- [Data for this exercise]
---
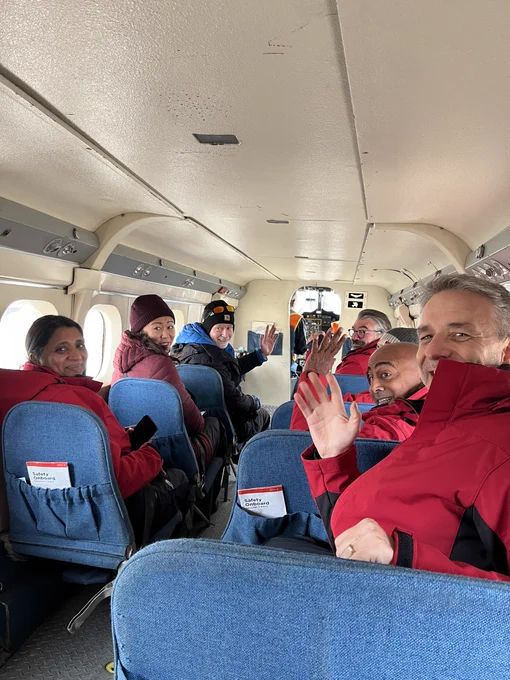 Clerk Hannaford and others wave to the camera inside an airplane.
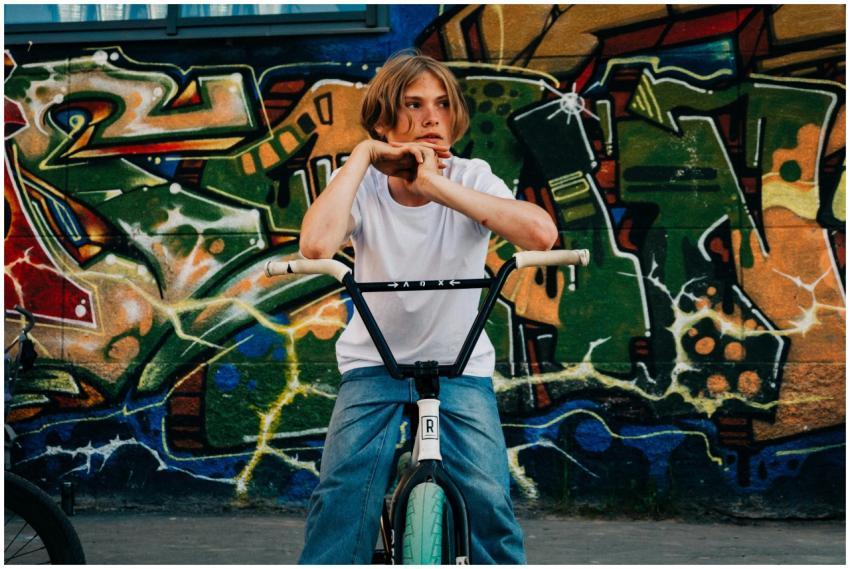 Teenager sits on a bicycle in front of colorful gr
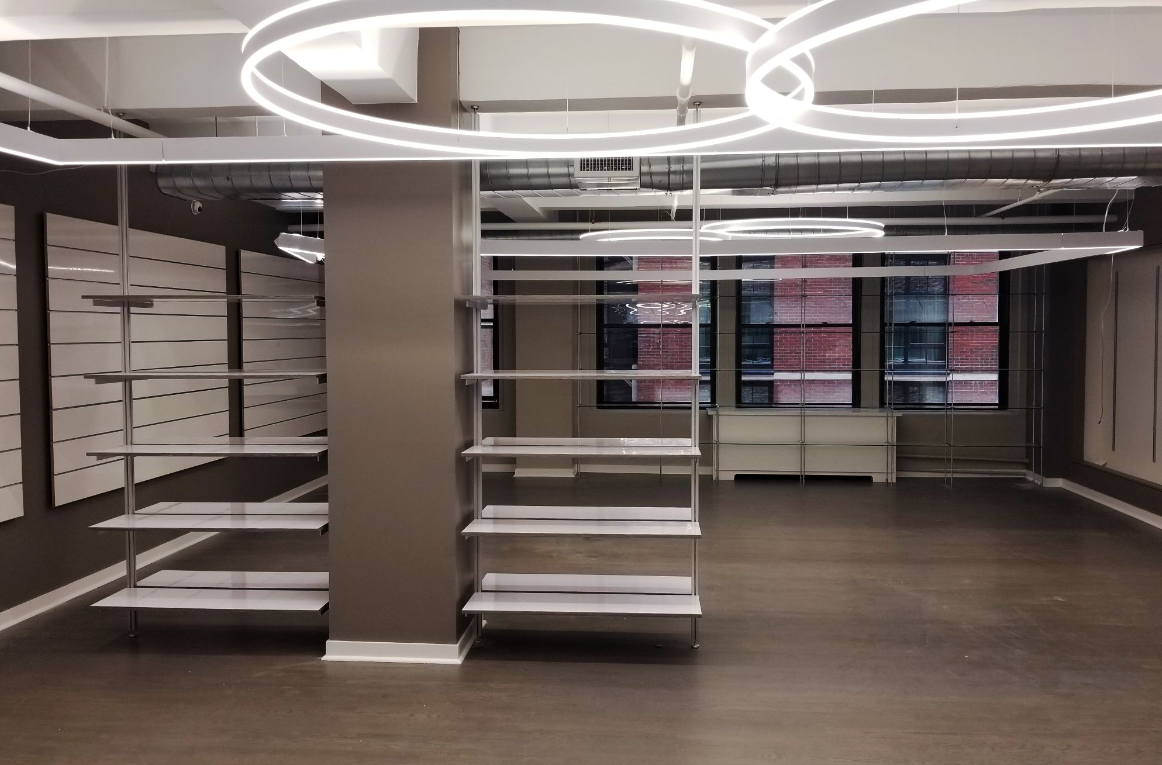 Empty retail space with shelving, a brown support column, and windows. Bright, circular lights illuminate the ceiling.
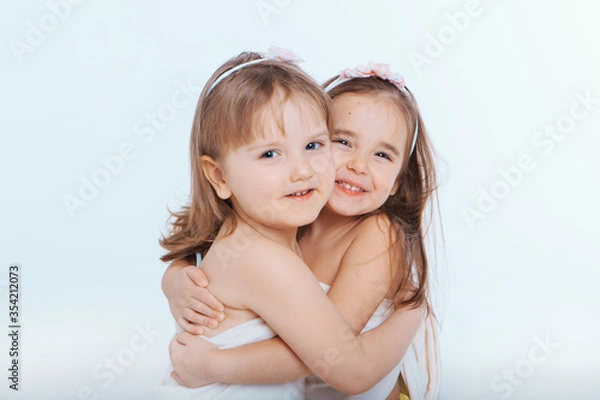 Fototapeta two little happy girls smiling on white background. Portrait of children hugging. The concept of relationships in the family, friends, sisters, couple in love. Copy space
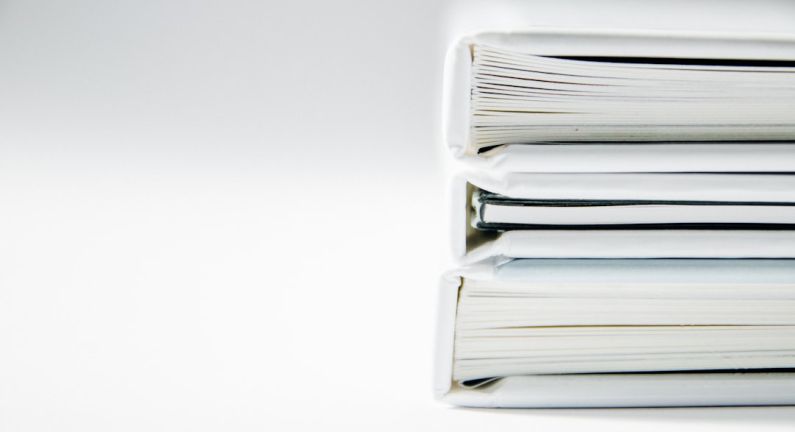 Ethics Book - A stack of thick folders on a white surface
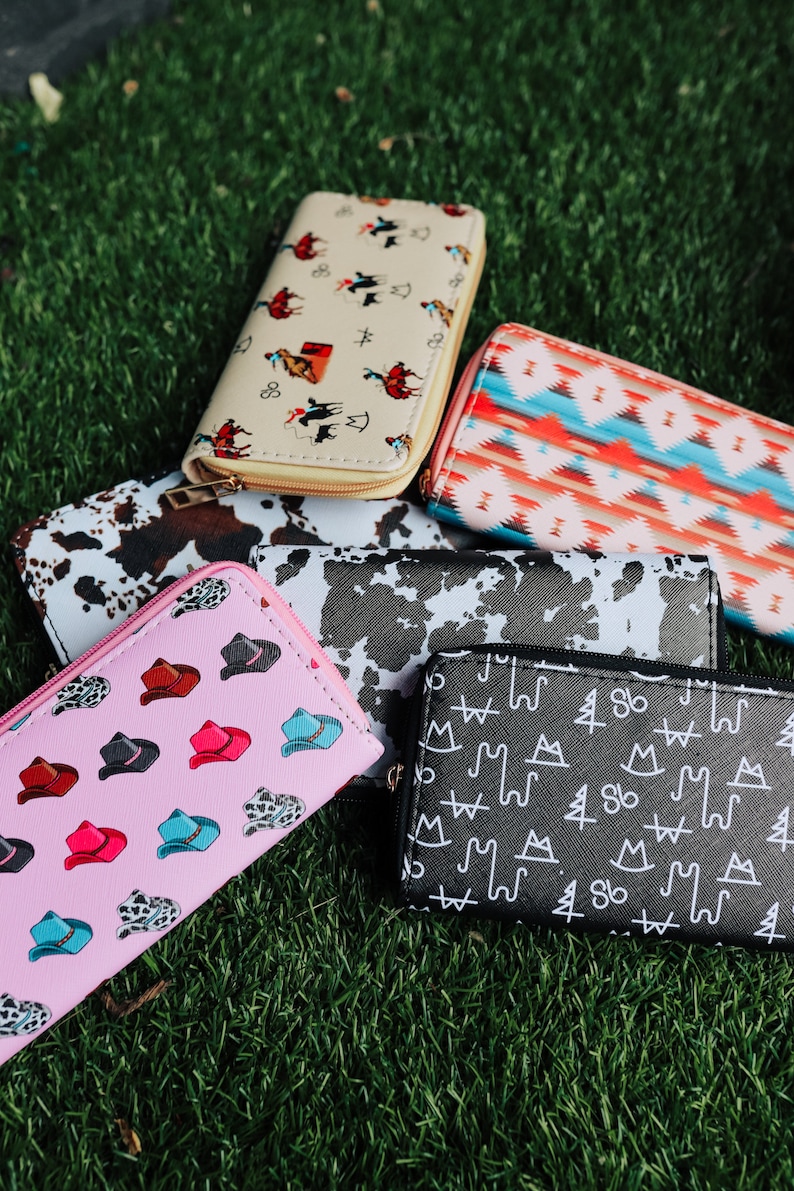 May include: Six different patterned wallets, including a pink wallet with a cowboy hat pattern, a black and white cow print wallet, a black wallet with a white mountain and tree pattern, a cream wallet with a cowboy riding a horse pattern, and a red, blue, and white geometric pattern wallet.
---
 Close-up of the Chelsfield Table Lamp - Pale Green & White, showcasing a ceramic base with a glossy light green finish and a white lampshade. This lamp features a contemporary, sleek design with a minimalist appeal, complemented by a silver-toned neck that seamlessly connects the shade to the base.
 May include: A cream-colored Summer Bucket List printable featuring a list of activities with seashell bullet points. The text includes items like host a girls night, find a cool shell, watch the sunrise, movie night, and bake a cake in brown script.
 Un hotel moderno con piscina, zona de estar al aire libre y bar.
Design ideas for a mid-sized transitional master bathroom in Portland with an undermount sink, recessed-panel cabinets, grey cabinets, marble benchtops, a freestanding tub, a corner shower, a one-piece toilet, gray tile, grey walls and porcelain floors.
---
- [Task details] Referring to the material above, set down exactly the lines between the line with "Close-up of the" and the line with "Design ideas for", inclusive, and no other lines.

- [Completed exercise]
 Close-up of the Chelsfield Table Lamp - Pale Green & White, showcasing a ceramic base with a glossy light green finish and a white lampshade. This lamp features a contemporary, sleek design with a minimalist appeal, complemented by a silver-toned neck that seamlessly connects the shade to the base.
 May include: A cream-colored Summer Bucket List printable featuring a list of activities with seashell bullet points. The text includes items like host a girls night, find a cool shell, watch the sunrise, movie night, and bake a cake in brown script.
 Un hotel moderno con piscina, zona de estar al aire libre y bar.
Design ideas for a mid-sized transitional master bathroom in Portland with an undermount sink, recessed-panel cabinets, grey cabinets, marble benchtops, a freestanding tub, a corner shower, a one-piece toilet, gray tile, grey walls and porcelain floors.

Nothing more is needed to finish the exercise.